Uprzejmie informuję, że ta witryna miejscami zawiera treści trudne dla osób, które nie ukończyły 18-tu lat (chodzi o trudność z powodu obiektywnej drastyczności niektórych przedstawianych tu zagadnień, a także trudność natury intelektualnej, której pokonanie wymaga starszego wieku, żeby niepotrzebnie nie zabłądzić w fałszywe mniemania). Kto trafił na tę moją witrynę, a ma lat mniej, proszę, żeby może zapytał Mamy lub Taty, czy wyraża zgodę dla Małoletniej lub Małoletniego na czytanie zawartych tu treści.
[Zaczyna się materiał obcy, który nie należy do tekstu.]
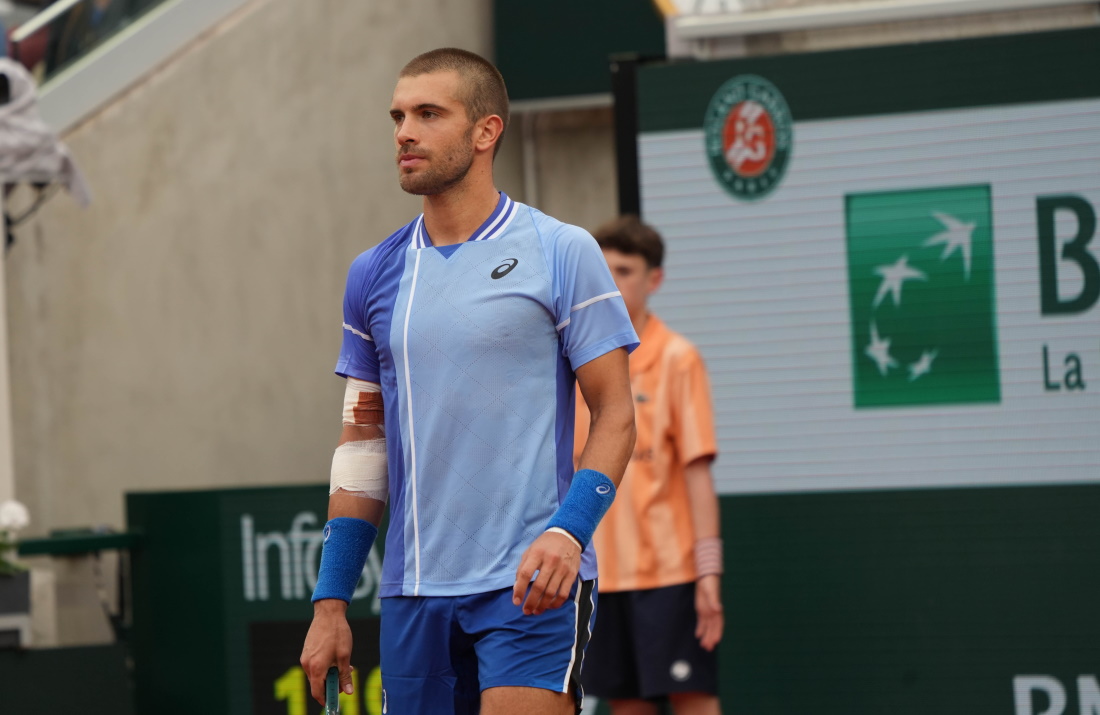 coric borna 20250526090717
„W ostatnich stu latach większość bodaj publikacji o pięknie i sztuce miała charakter psychologiczny, tematem ich było to przeżycie wobec piękna i sztuki, które się nazywa przeżyciem (lub doznaniem, doświadczeniem) estetycznym. Dochodzono, jakie ma właściwości, jaki przebieg, jakie składniki, jakiej wymaga postawy psychicznej. Widziano w nim główne zagadnienie estetyki, sądzono nawet — przesadnie — że jes to jej zagadnienie jedyne, że wszystkie inne są pozorne i nienaukowe. (...)
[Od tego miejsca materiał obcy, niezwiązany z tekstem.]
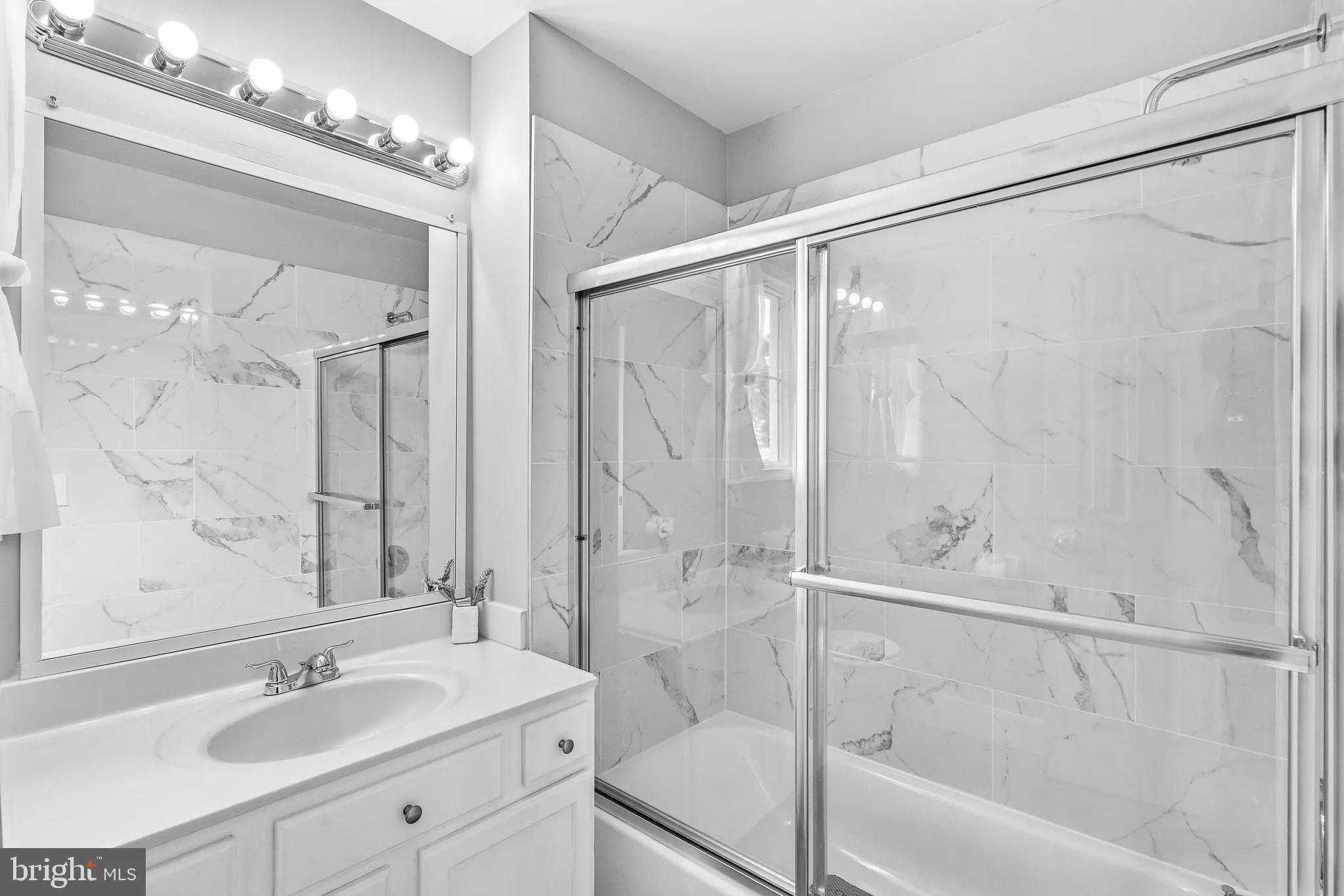 Additional image 51 of 13864 Redford Lane, Woodbridge, VA 22193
Przeżycie, które od XVIII wieku otrzymało nazwę estetycznego, we wcześniejszych wiekach nazywało się najczęściej po prostu spostrzeżeniem piękna. A i dziś pospolite jest przekonanie, że przeżycie estetyczne i przeżycie piękna znaczą to samo, że chcąc zdefiniować przeżycie estetyczne, wystarczy powiedzieć: jest to przeżycie piękna. Toteż odkąd wytworzyło się pojęcie przeżycia «estetycznego», uczeni nie troszczyli się o jego definicję, a tylko o jego teorię; to znaczy sądzili, że rozpoznać je łatwo, trudno tylko powiedzieć, w czym leży jego odrębność i istota”.